# Should mtbr have a bikepacking/touring specific forum?



## jmmUT (Sep 15, 2008)

Just throwing this out there. What is everyone's opinion on mtbr.com having a bike packing/touring forum? Sure touring is technically road biking but mountain bike packing is common enough and more people are touring on 29ers, etc. 

Right now there is info and discussions but it's all scattered across all the forums. I think it would be awesome to have one forum here on mtbr.com where rides, gear, bikes, stories, pointers, etc. are all consolidated.

Thoughts?


----------



## AZ (Apr 14, 2009)

Yes, assemble all the info into one forum IMHO, needs a home.


----------



## MattP. (Oct 3, 2005)

Absolutely!


----------



## Berkeley Mike (Jan 13, 2004)

Sure.


----------



## discombobulated_conundrum (Aug 2, 2008)

Mucho gusto! Then I don't have to scrounge using this site's wacky search engine.


----------



## jmctav23 (Oct 16, 2010)

hells yeah, I mean seriously, electric assist crap but nothing for bikepacking...wtf


----------



## stumpbumper (Dec 3, 2010)

I only recently got into bikepacking and would like to see it added to MTBR.

I have found the existing bikepacking forum at https://www.bikepacking.net/ to be quite helpful and informative.

My bikepacking setup. I shoot a lot of photos and since taking this one I have replaced the cumbersome tripod with a compact Gorillapod from Joby :thumbsup:


----------



## RBowles (Jun 1, 2010)

I voted no. The rent is too damned high.


----------



## crux (Jan 10, 2004)

jmmorath said:


> Just throwing this out there. What is everyone's opinion on mtbr.com having a bike packing/touring forum? Sure touring is technically road biking but mountain bike packing is common enough and more people are touring on 29ers, etc.
> 
> Right now there is info and discussions but it's all scattered across all the forums. I think it would be awesome to have one forum here on mtbr.com where rides, gear, bikes, stories, pointers, etc. are all consolidated.
> 
> Thoughts?


This has been tossed around before and my answer is still YES.

For those that think "No, it's not pertinent enough to MTBR" we have both electric and cargo bikes. When is the last time you saw either on any single track trail. Bikepacking gives one the ability to really enjoy the back country more than what can be accomplished is a singular afternoons ride.


----------



## stumpbumper (Dec 3, 2010)

Good points.

Something else to be considered is that "bikepacking" is mostly done offroad on mountain bikes wheres adventure cycling or touring as it is just as often called is usually done on heavy-duty road bikes. As I pointed out in my previous post, the sport has grown enough to have a forum all its own and to me that indicates just how popular it has already become.

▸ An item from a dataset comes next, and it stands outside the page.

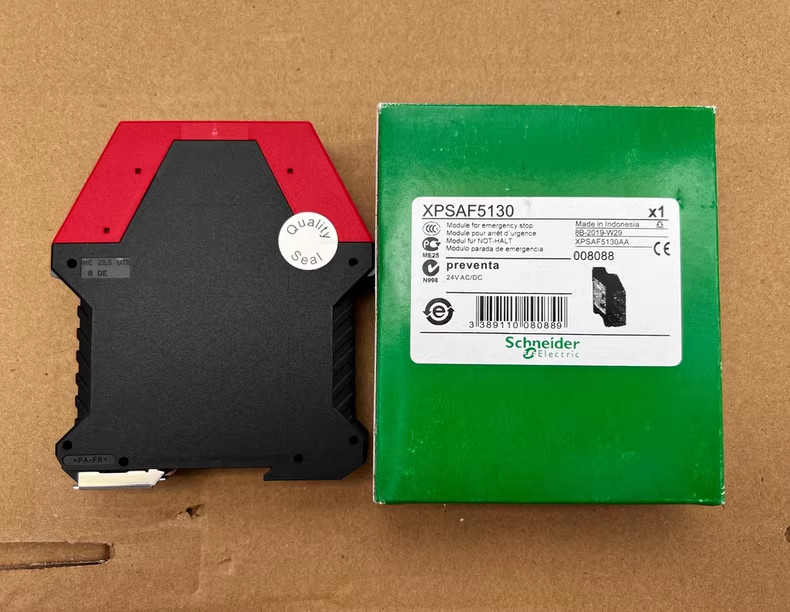 1 Pcs New Schneider XPSAF5130 Safety Relay Spot Goods Fast shipping DHL/Fedex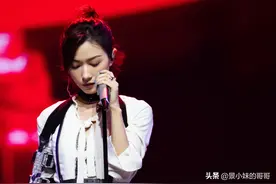 《乘风破浪的姐姐》万茜侠女风范：一袭飘逸白衣，难掩闪闪发光图片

I think popular demand will eventually cause it to be added to MTBR but (and I hate to say this) the small number of replies to this thread indicate to me that not a lot of MTBR subscribers are interested in bikepacking at this time. Back on a postive note, adding it to MTBR will surely create more interest than now exists.

As you say, the great thing about bikepacking is it enables you to expand your mountain biking beyond single-day rides. In April several of us are bikepacking the Lake Moultrie, Swamp Fox and Awendaw passages of the Palmetto Trail in SC for a total of 74 miles. I have already done the three sections of the Enoree Passage (36 miles) and during 2011 I am shooting for completing all sections of the Palmetto Trail that are open and allow mountain bikes. When completed, that trail system will extend across South Carolina, from the North Carolina border to the sea just north of Charleston.


----------



## AZ (Apr 14, 2009)

bump


----------



## zukrider (Nov 14, 2009)

yes please. i need ideas for racking my full squishy, and in this thread alone, i have gotten an idea!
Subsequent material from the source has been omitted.